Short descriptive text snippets

+ + + +

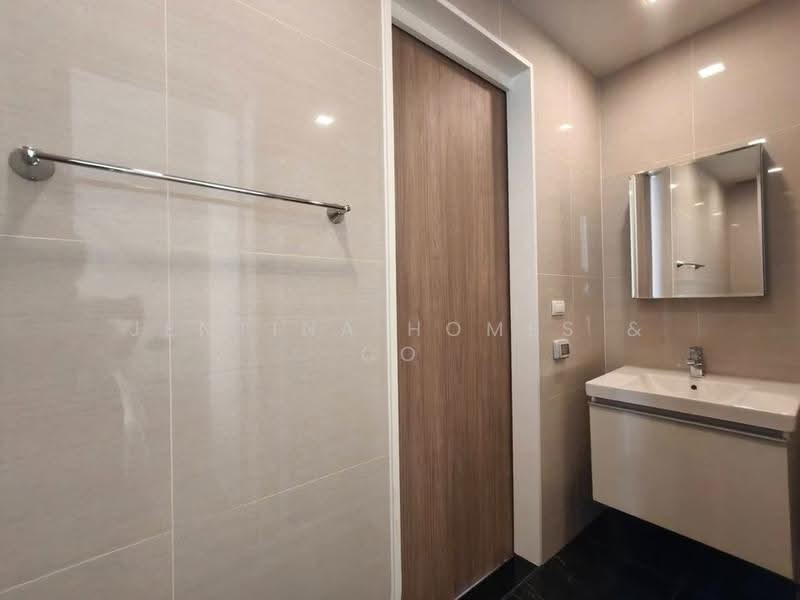 Park Origin Phrom Phong (Park 24), Bangkok, 68 Soi Sukhumvit 24, Khong Tan, Khlong Toei, Bangkok, 2 Bedrooms, 56 sqm, Condo For Rent, by Jentina Homes & Co, 500518675 - DDproperty.com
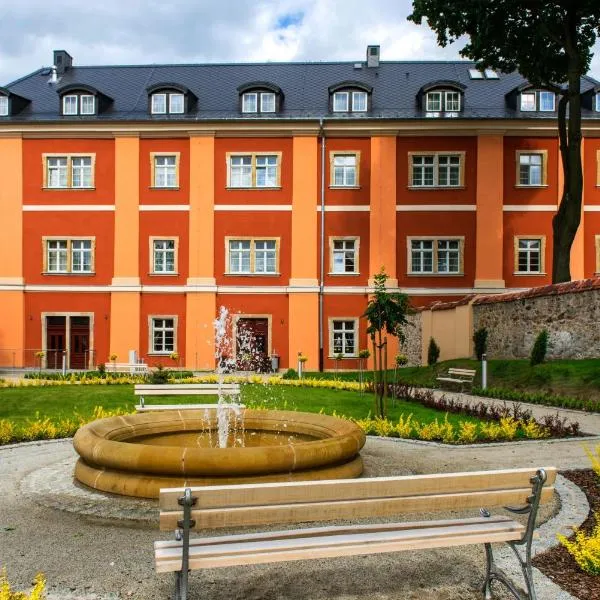 Długi Dom，位于耶莱尼亚古拉的酒店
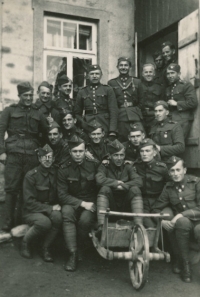 Otec pamětníka, Karel Škarka (vpravo dole) před hospodou U Bursíků v Říčkách v Orlických horách, kde byli vojáci ubytovaní během budování opevnění před druhou světovou válkou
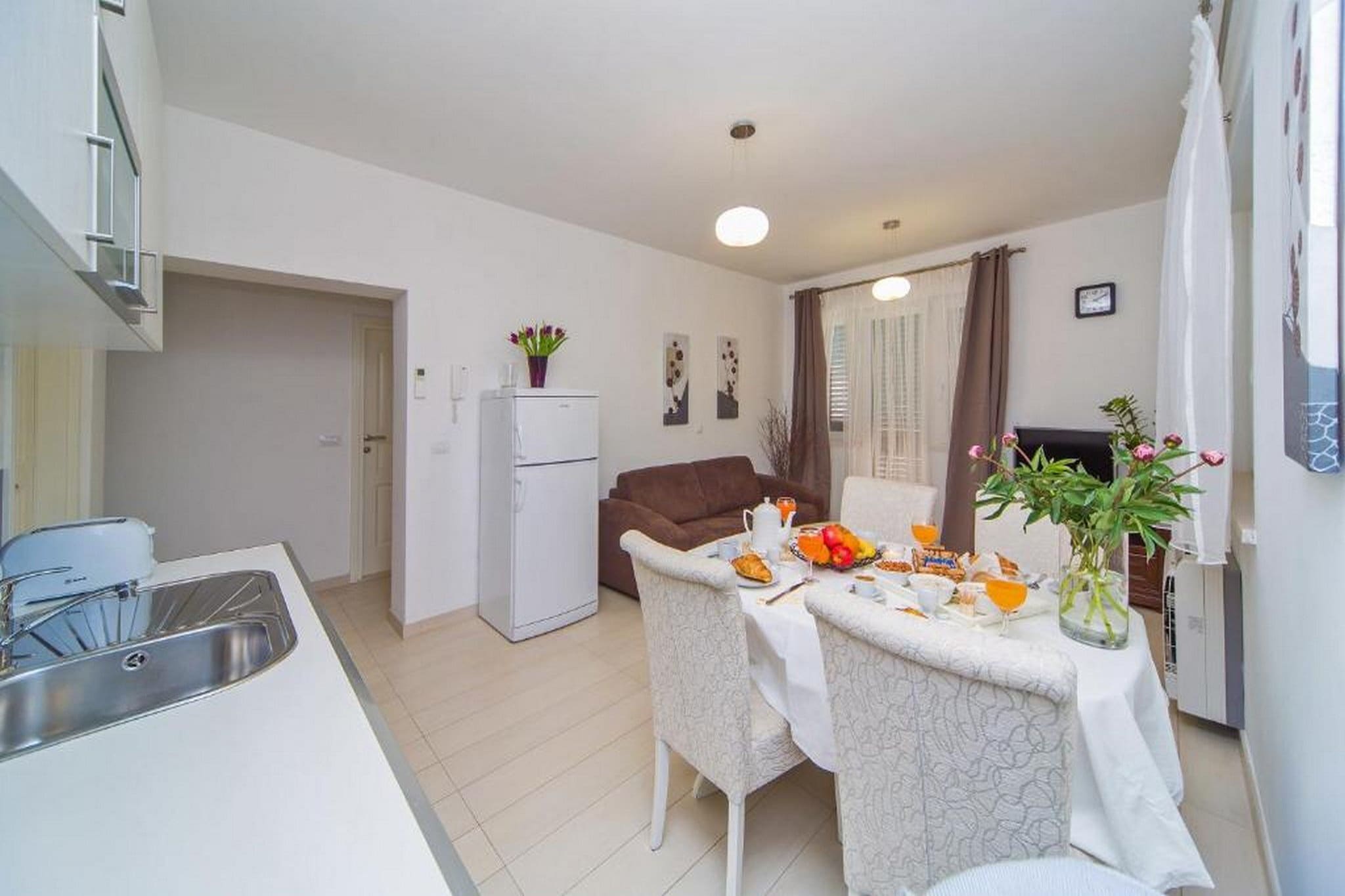 4B Apartments - Two Bedroom Apartment with Balcony A1-Binnen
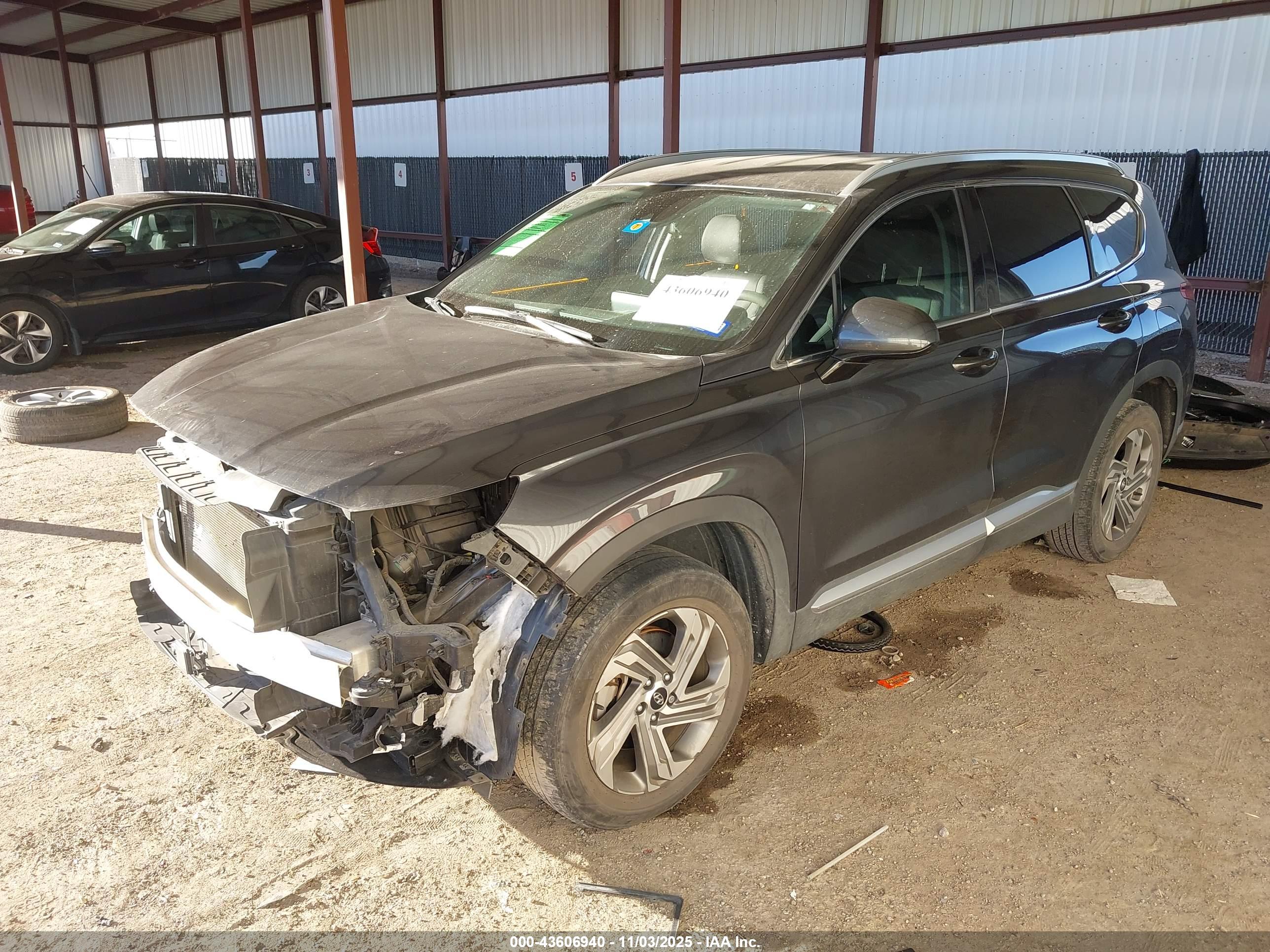 HYUNDAI SANTA image 2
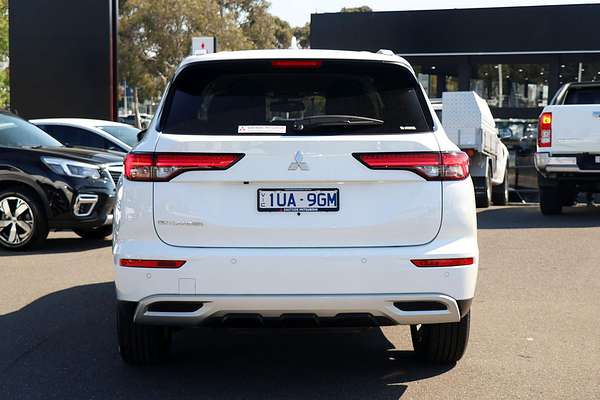 2024 Mitsubishi Outlander LS ZM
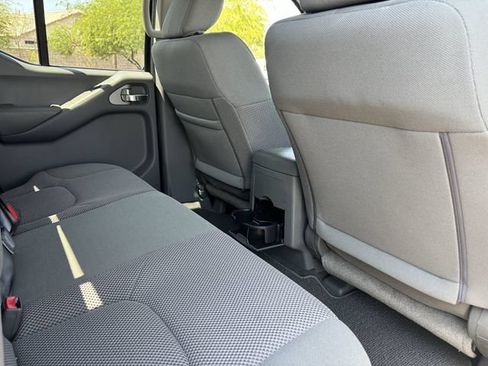 Used 2020 Nissan Frontier SV w/ Midnight Edition Floor Mats AWD/4WD image 13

+ + + +

#### Exercise description:
Repeat the lines above exactly, beginning with the one containing "Długi Dom，位于耶莱尼亚古拉的酒店" and finishing with the one containing "4B Apartments - Two". No pictures belong in the copy.

#### Task answer:
 Długi Dom，位于耶莱尼亚古拉的酒店
 Otec pamětníka, Karel Škarka (vpravo dole) před hospodou U Bursíků v Říčkách v Orlických horách, kde byli vojáci ubytovaní během budování opevnění před druhou světovou válkou
 4B Apartments - Two Bedroom Apartment with Balcony A1-Binnen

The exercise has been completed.